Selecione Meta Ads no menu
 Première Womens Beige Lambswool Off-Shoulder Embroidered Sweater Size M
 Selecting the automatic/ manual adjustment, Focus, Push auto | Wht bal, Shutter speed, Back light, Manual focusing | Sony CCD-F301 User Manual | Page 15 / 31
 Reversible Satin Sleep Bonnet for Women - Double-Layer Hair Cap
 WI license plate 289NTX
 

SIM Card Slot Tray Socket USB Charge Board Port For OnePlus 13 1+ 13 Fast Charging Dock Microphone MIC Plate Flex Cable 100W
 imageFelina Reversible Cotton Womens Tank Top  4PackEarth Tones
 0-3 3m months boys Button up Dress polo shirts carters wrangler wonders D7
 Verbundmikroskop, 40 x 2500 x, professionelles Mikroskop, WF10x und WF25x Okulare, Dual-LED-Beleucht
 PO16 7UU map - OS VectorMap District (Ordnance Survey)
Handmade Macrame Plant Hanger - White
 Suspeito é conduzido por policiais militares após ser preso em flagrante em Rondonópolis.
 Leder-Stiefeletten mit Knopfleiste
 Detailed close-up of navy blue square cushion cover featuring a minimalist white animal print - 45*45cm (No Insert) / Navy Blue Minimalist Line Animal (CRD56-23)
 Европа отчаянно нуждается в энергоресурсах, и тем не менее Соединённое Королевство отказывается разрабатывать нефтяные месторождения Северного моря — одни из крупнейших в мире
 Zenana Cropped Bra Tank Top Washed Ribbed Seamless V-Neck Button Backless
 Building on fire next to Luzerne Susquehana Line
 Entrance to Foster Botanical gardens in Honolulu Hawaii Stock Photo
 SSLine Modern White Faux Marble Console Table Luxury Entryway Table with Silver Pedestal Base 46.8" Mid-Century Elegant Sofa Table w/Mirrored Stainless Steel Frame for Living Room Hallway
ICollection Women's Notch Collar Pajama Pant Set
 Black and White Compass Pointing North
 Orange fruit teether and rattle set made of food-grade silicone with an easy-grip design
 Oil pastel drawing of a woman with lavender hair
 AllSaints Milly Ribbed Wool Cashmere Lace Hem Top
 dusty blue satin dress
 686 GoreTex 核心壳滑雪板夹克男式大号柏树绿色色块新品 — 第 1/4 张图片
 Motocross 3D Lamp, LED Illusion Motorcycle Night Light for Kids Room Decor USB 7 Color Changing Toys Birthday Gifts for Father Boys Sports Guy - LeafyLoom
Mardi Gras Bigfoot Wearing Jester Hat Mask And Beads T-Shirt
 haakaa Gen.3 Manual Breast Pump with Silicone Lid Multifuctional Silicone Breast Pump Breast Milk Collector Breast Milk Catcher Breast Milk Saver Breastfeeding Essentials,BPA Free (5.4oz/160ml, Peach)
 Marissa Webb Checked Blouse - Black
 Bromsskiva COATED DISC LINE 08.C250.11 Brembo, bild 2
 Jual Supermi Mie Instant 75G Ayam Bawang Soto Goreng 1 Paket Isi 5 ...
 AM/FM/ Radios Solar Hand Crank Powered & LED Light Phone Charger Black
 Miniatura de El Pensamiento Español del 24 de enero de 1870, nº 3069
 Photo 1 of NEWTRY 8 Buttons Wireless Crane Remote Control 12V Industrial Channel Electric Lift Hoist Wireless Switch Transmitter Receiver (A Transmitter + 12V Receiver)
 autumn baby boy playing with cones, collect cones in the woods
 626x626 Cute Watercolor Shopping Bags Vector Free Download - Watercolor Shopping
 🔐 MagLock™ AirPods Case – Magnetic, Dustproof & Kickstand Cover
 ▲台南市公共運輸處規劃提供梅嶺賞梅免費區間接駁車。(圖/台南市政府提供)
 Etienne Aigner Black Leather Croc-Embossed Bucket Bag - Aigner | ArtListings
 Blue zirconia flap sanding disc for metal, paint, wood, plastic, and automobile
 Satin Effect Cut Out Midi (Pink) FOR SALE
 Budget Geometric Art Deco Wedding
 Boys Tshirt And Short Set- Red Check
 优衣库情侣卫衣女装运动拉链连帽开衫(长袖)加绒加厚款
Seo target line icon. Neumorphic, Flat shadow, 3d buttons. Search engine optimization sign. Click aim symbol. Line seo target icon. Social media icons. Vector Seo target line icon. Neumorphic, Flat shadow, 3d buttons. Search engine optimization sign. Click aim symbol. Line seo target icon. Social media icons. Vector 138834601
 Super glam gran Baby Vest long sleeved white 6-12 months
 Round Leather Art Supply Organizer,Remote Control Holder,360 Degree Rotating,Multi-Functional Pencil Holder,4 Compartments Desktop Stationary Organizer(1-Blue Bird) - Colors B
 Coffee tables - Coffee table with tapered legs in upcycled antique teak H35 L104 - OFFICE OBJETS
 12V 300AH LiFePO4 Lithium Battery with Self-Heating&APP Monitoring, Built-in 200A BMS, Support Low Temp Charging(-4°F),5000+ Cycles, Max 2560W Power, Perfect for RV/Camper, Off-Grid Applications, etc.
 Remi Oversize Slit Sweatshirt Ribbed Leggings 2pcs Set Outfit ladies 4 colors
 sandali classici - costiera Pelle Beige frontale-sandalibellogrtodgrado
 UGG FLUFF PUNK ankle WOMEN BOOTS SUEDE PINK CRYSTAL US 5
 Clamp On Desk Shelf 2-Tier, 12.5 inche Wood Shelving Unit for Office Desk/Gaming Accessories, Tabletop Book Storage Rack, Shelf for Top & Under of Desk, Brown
________
Each line of the data that holds "Remote" should be copied.

Exercise response:
 Photo 1 of NEWTRY 8 Buttons Wireless Crane Remote Control 12V Industrial Channel Electric Lift Hoist Wireless Switch Transmitter Receiver (A Transmitter + 12V Receiver)
 Round Leather Art Supply Organizer,Remote Control Holder,360 Degree Rotating,Multi-Functional Pencil Holder,4 Compartments Desktop Stationary Organizer(1-Blue Bird) - Colors B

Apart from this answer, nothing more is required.